A while back, I had the good fortune of being invited to a friend’s house to sample the delicious Mexican-American cuisine of Chica’s Chef Maria Esquivel. At the time, Maria was working hard on building her business and establishing her menu, no easy task in the competitive, foodie-crazed-scene that is the Bay Area today. The menu she prepared for this group of friends included tortas, chicharrónes, and fried plantains. I had sampled many a torta before, and good ones too, but they failed to adequately prepare me for the creativity and combinations of flavors that Maria would be serving that evening.
We gathered around the communal table, catching up and listening to 90’s hits while Maria lovingly prepared our tortas. The first torta we sampled was a seared skirt steak with re-fried Oaxacan beans, pickled carrot and jalapeno, mustard greens, and Oaxacan cheese. The simple preparation of these ingredients, expertly layered in a toasted bolillo was just what we were all craving. Crunchy, chewy, tender and bright, the flavors silenced the crowd and we all got to eating. The second torta was one I had been anticipating from the minute I arrived at the apartment. Maria had been busy that day making Birria. Birria is a traditional Mexican dish from the state of Jalisco and is typically made for special religious holidays and weddings. It is goat or lamb slowly braised for hours in a sauce of tomatoes, chiles and adobo and has been long rumored to be a fool-proof hangover cure. Maria had been braising our Birria for no less than nine hours and this evening we wouldn’t be eating it out of bowls with tortillas, but in a torta instead. Maria paired the lamb Birria with a fig-Dijon mustard and a salsa criolla of red onion, cilantro, and lime. In case this wasn’t enough, she also served freshly made chicharrónes.
I walked back to my car with a full and happy belly, wondering when I would get to sample Maria’s tortas again. Luckily for me – and for all of us – Chica has been accepted as a vendor at San Francisco’s Off the Grid at Fort Mason. With the grand opening on Friday, March 6, we don’t have long to wait!
After sampling Maria’s delicious tortas, I wanted to learn more about the chef behind Chica. The following are some questions that Maria was kind enough to entertain:
How did you get into cooking?
I honestly never thought I would be here, learning from and working along side great chefs.
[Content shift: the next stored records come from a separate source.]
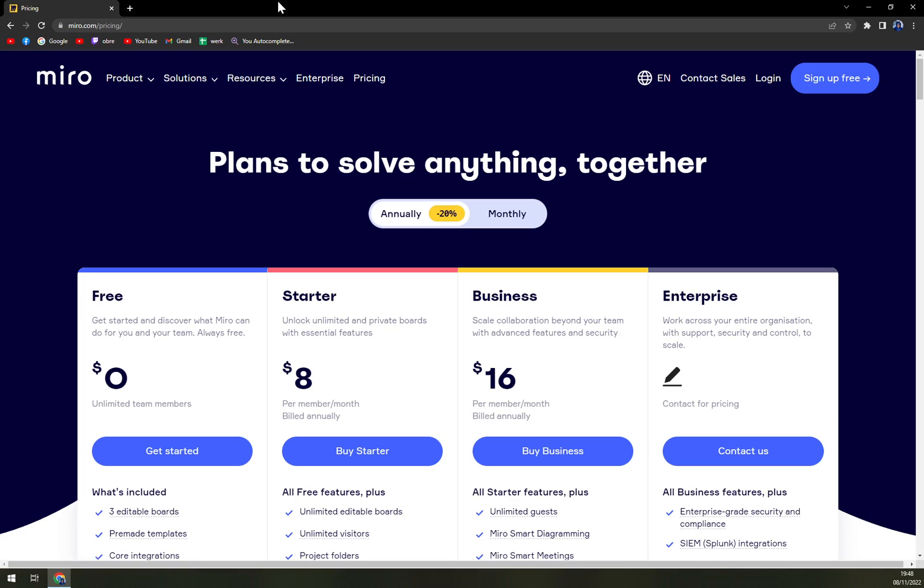You can run it in your web browser or install it on your computer, whether it's Windows or Mac. It doesn't actually matter, and you can also run it on your mobile phone.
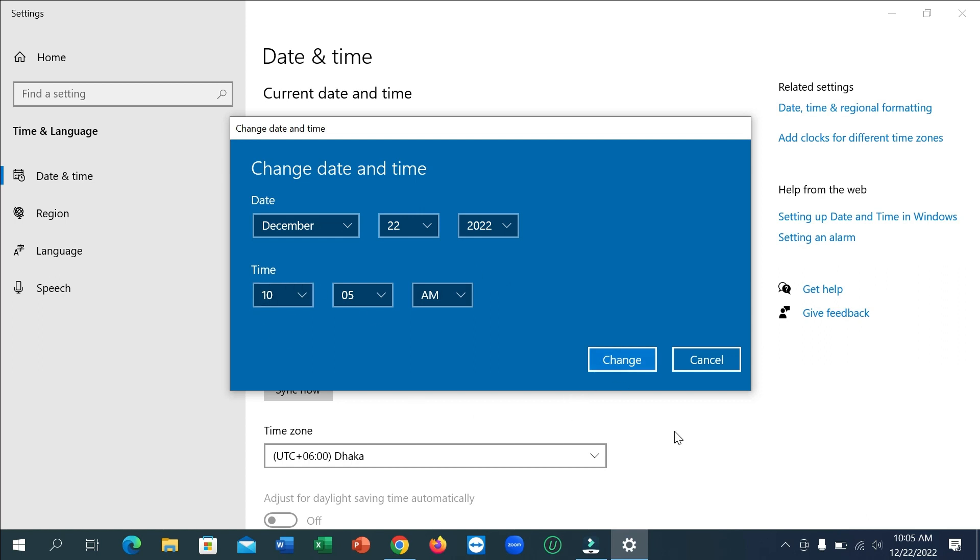And after that, your problem is totally solved and you successfully changed your date and time very easily. So I hope you can understand and hope this video can help you. Don't forget to like and subscribe to my channel.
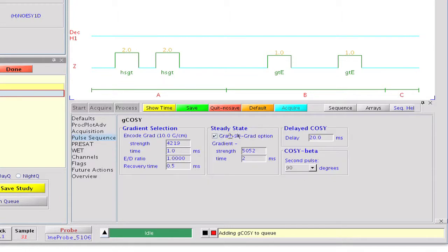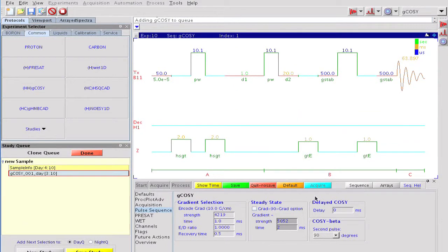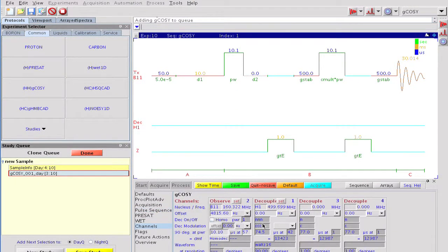Next, we deselect the steady state block at the beginning of the sequence and force the evolution time to start from 0. Finally, we turn on broadband proton decoupling during both the evolution and the acquisition period and set the modulation scheme to waltz.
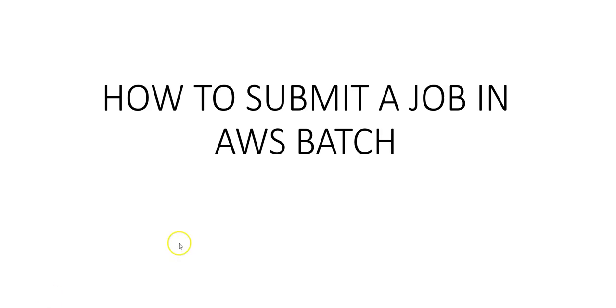Hi, my name is Ashish, and in this video we will see how to submit a job in AWS Batch. We saw how to define the job definition in the previous video. Now we have registered a job definition, and we can submit it as a job to an AWS Batch job queue.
Rewind to my late 20’s, I was unhappy, felt miserable and stuck working in the corporate world. The only thing that made me feel like I had a purpose was when I would cook for my friends and roommates…I would have no problem hiding in the kitchen for hours. I guess you can say one day I “broke.” I quit my job and went back to school. I completed my Business degree from San Francisco State University and ultimately decided to attend culinary school at LeCordon Bleu SF. It was something I had always wanted to do, but never thought I had the confidence to pursue. Attending was the best decision I ever made. Learning from Chef mentors and learning the complexity of the kitchen culture as a whole was so fascinating and addicting. Four years later, this addiction for the kitchen life is stronger than ever…and now I am pursuing the opportunity of opening my own business, CHICA.
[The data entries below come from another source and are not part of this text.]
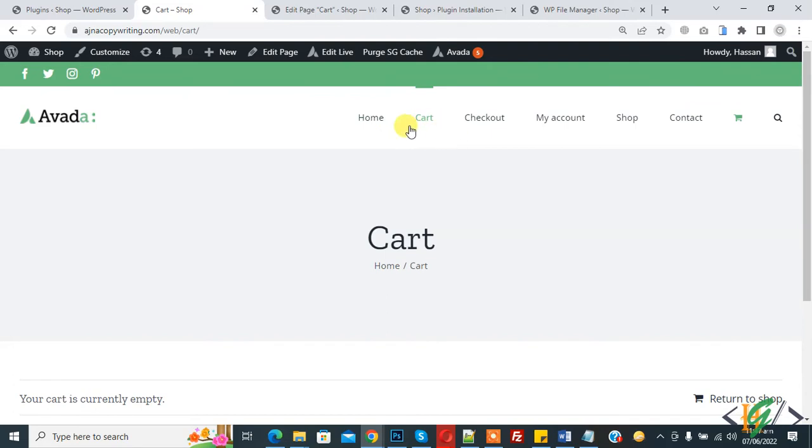Now you see cart menu show again. So in this way you can exclude or hide pages from navigation menu in WordPress. I hope you like this video. Please like, comment, share, subscribe. Thank you for watching.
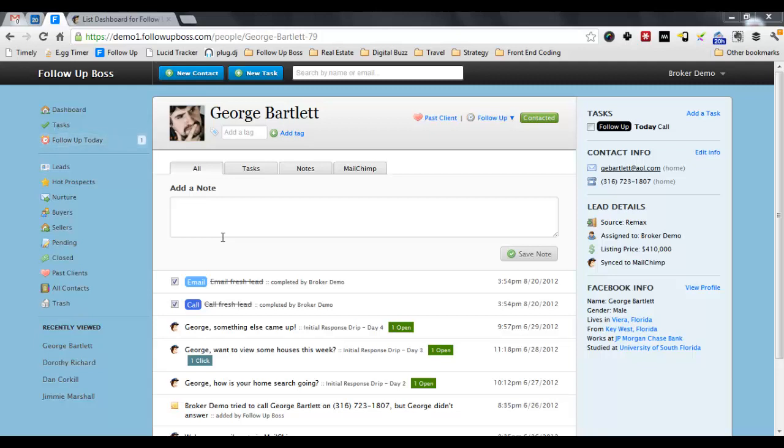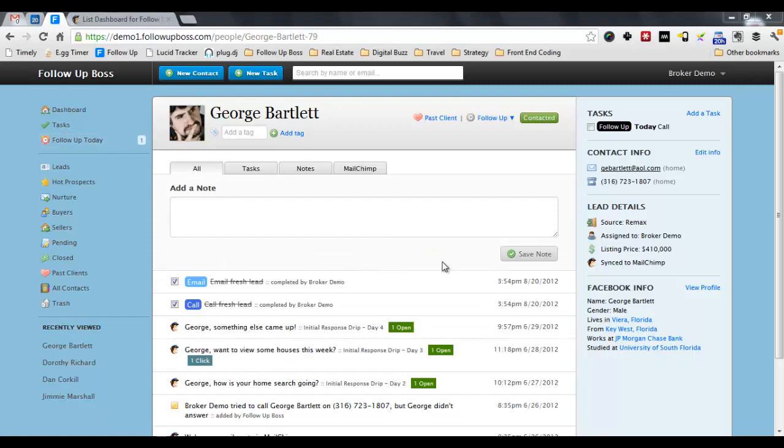Drip email campaigns are useful for non-responsive leads, people you can't get on the phone. Once those are set up, you're going to be able to see in FollowUpBoss which emails are being opened, which have been clicked on, and you're able to target people very effectively.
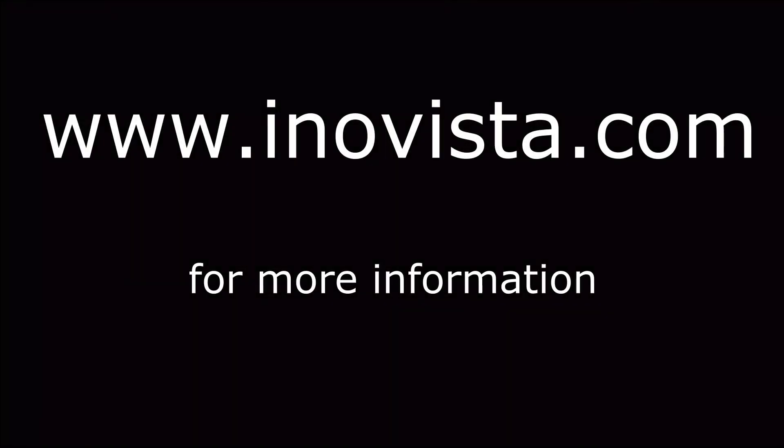Thank you for watching this video. You can find out more about the animator at www.innovista.com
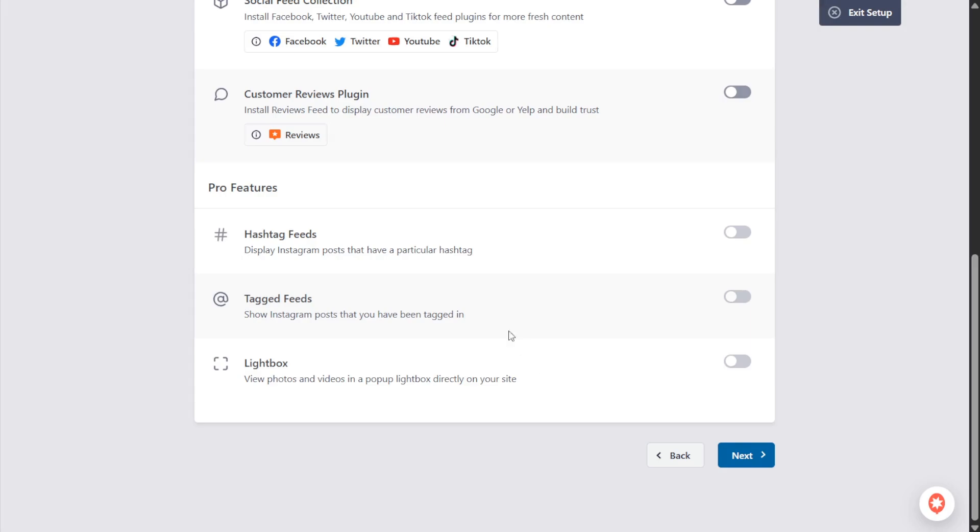And on top of that your site visitors can view your photos and videos from your Instagram feed inside the lightbox view. These are only some of the features available in the pro version. For now let's click on next.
How would you describe your culinary style?
I’m known for having a Chicana (Mexican-American) style. Mexican flavors with a Northern California feel. I also love learning about other Latin-American cultures and foods, usually incorporating those influences into my dishes as well.
How can people find your food?
CHICA can be found in the 2015 Season of the Fort Mason Off the Grid as a tented vendor. Every Friday, starting March 6th through October, from 5p-10p. Any additional locations will be updated on our website, chicasf.com. We are also accepting catering requests.
We absolutely recommend visiting Chica at Off the Grid if you’re in the San Francisco Bay Area – we may even see you there!